_content/blog/deadcode.md

title: Finding unreachable functions with deadcode date: 2023-12-12 by:

Alan Donovan summary: deadcode is a new command to help identify functions that cannot be called.

Functions that are part of your project‘s source code but can never be reached in any execution are called “dead code”, and they exert a drag on codebase maintenance efforts. Today we’re pleased to share a tool named deadcode to help you identify them.

$ go install golang.org/x/tools/cmd/deadcode@latest
$ deadcode -help
The deadcode command reports unreachable functions in Go programs.

Usage: deadcode [flags] package...

Example

Over the last year or so, we've been making a lot of changes to the structure of gopls, the language server for Go that powers VS Code and other editors. A typical change might rewrite some existing function, taking care to ensure that its new behavior satisfies the needs of all existing callers. Sometimes, after putting in all that effort, we would discover to our frustration that one of the callers was never actually reached in any execution, so it could safely have been been deleted. If we had known this beforehand our refactoring task would have been easier.

The simple Go program below illustrates the problem:

module example.com/greet
go 1.21

package main

import "fmt"

func main() {
	var g Greeter
	g = Helloer{}
	g.Greet()
}

type Greeter interface{ Greet() }

type Helloer struct{}
type Goodbyer struct{}

var _ Greeter = Helloer{}  // Helloer  implements Greeter
var _ Greeter = Goodbyer{} // Goodbyer implements Greeter

func (Helloer) Greet()  { hello() }
func (Goodbyer) Greet() { goodbye() }

func hello()   { fmt.Println("hello") }
func goodbye() { fmt.Println("goodbye") }

When we execute it, it says hello:

$ go run .
hello

It‘s clear from its output that this program executes the hello function but not the goodbye function. What’s less clear at a glance is that the goodbye function can never be called. However, we can‘t simply delete goodbye, because it’s required by the Goodbyer.Greet method, which in turn is required to implement the Greeter interface whose Greet method we can see is called from main. But if we work forwards from main, we can see that no Goodbyer values are ever created, so the Greet call in main can only reach Helloer.Greet. That's the idea behind the algorithm used by the deadcode tool.

When we run deadcode on this program, the tool tells us that the goodbye function and the Goodbyer.Greet method are both unreachable:

$ deadcode .
greet.go:23: unreachable func: goodbye
greet.go:20: unreachable func: Goodbyer.Greet

With this knowledge, we can safely remove both functions, along with the Goodbyer type itself.

The tool can also explain why the hello function is live. It responds with a chain of function calls that reaches hello, starting from main:

$ deadcode -whylive=example.com/greet.hello .
                  example.com/greet.main
dynamic@L0008 --> example.com/greet.Helloer.Greet
 static@L0019 --> example.com/greet.hello

The output is designed to be easy to read on a terminal, but you can use the -json or -f=template flags to specify richer output formats for consumption by other tools.

How it works

The deadcode command loads, parses, and type-checks the specified packages, then converts them into an intermediate representation similar to a typical compiler.

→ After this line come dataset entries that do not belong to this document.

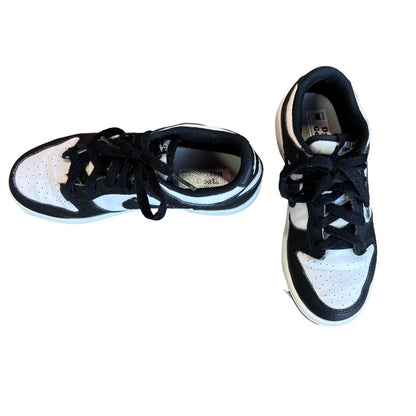 Nike shoes, 2 big kid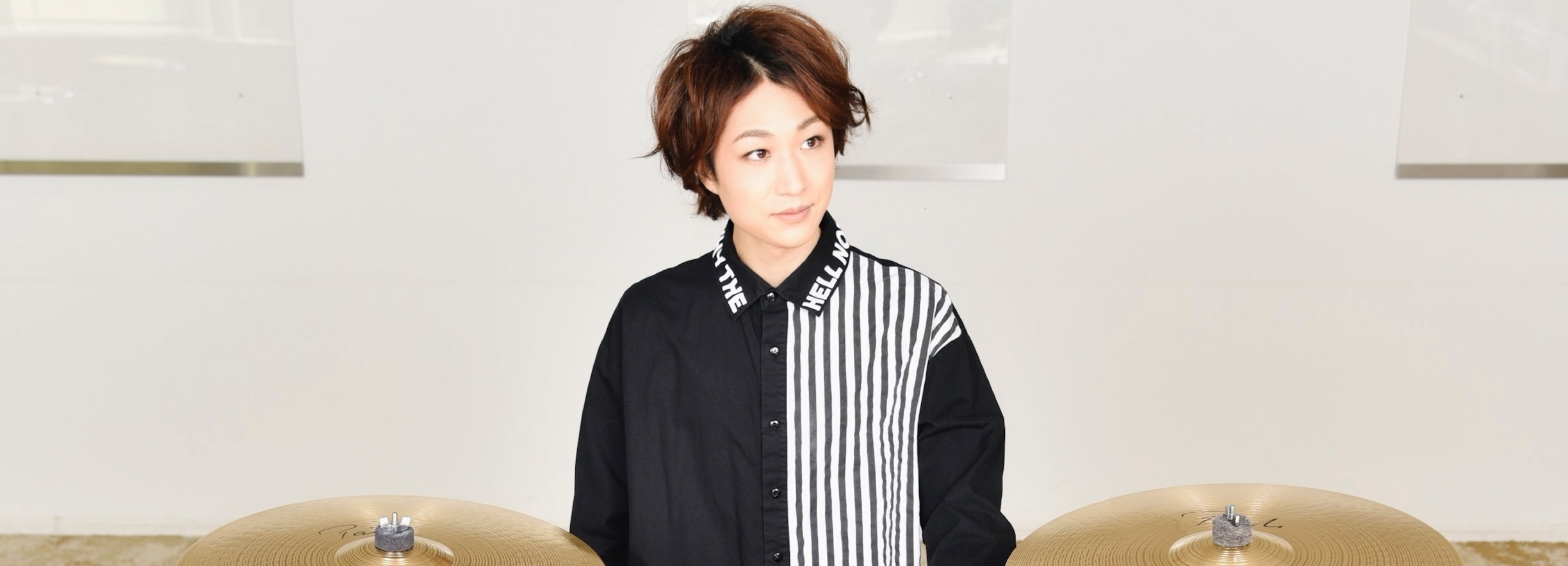 Hideki Aoyama Profile - Modern Minimal Illustration - 4K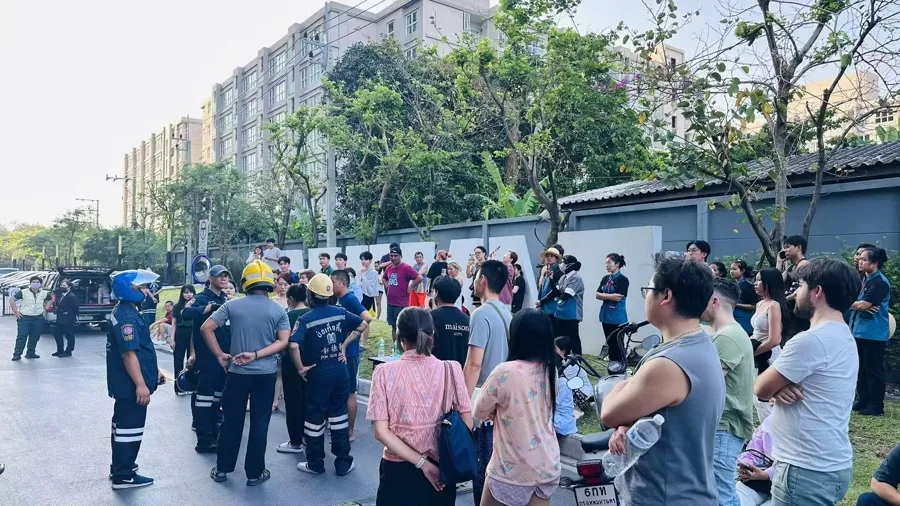 “相當(dāng)于約一千顆原子彈”！強(qiáng)震后的緬甸曼德勒40℃高溫，中國翡翠商人擠在后備廂緊急逃難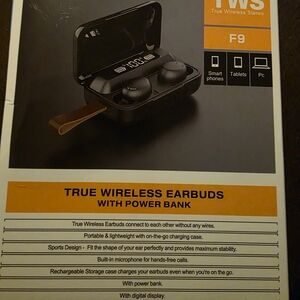 True Wireless Earbuds with Power Bank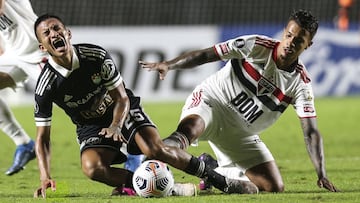 Brazil's Sao Paulo Rodrigo Nestor (R) an dPeru's Sporting Cristal Gerald Tavara vie for the ball during their Copa Libertadores football tournament group stage match at Morumbi Stadium in Sao Paulo, Brazil, on May 25, 2021. (Photo by Alexandre S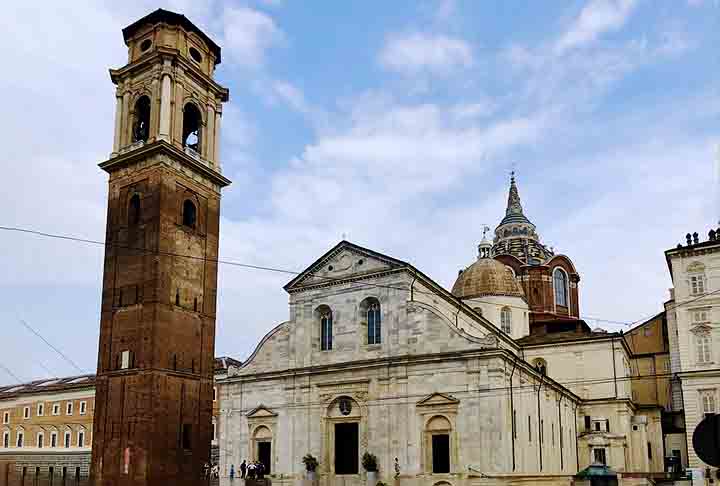 Uma das atrações mais famosas da cidade é o Sudário de Turim, um dos ícones mais importantes do catolicismo; Além disso, há um pequeno aeroporto internacional com voos de conexão de outras cidades europeias.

It then uses an algorithm called Rapid Type Analysis (RTA) to build up the set of functions that are reachable, which is initially just the entry points of each main package: the main function, and the package initializer function, which assigns global variables and calls functions named init.

RTA looks at the statements in the body of each reachable function to gather three kinds of information: the set of functions it calls directly; the set of dynamic calls it makes through interface methods; and the set of types it converts to an interface.

Direct function calls are easy: we just add the callee to the set of reachable functions, and if it‘s the first time we’ve encountered the callee, we inspect its function body the same way we did for main.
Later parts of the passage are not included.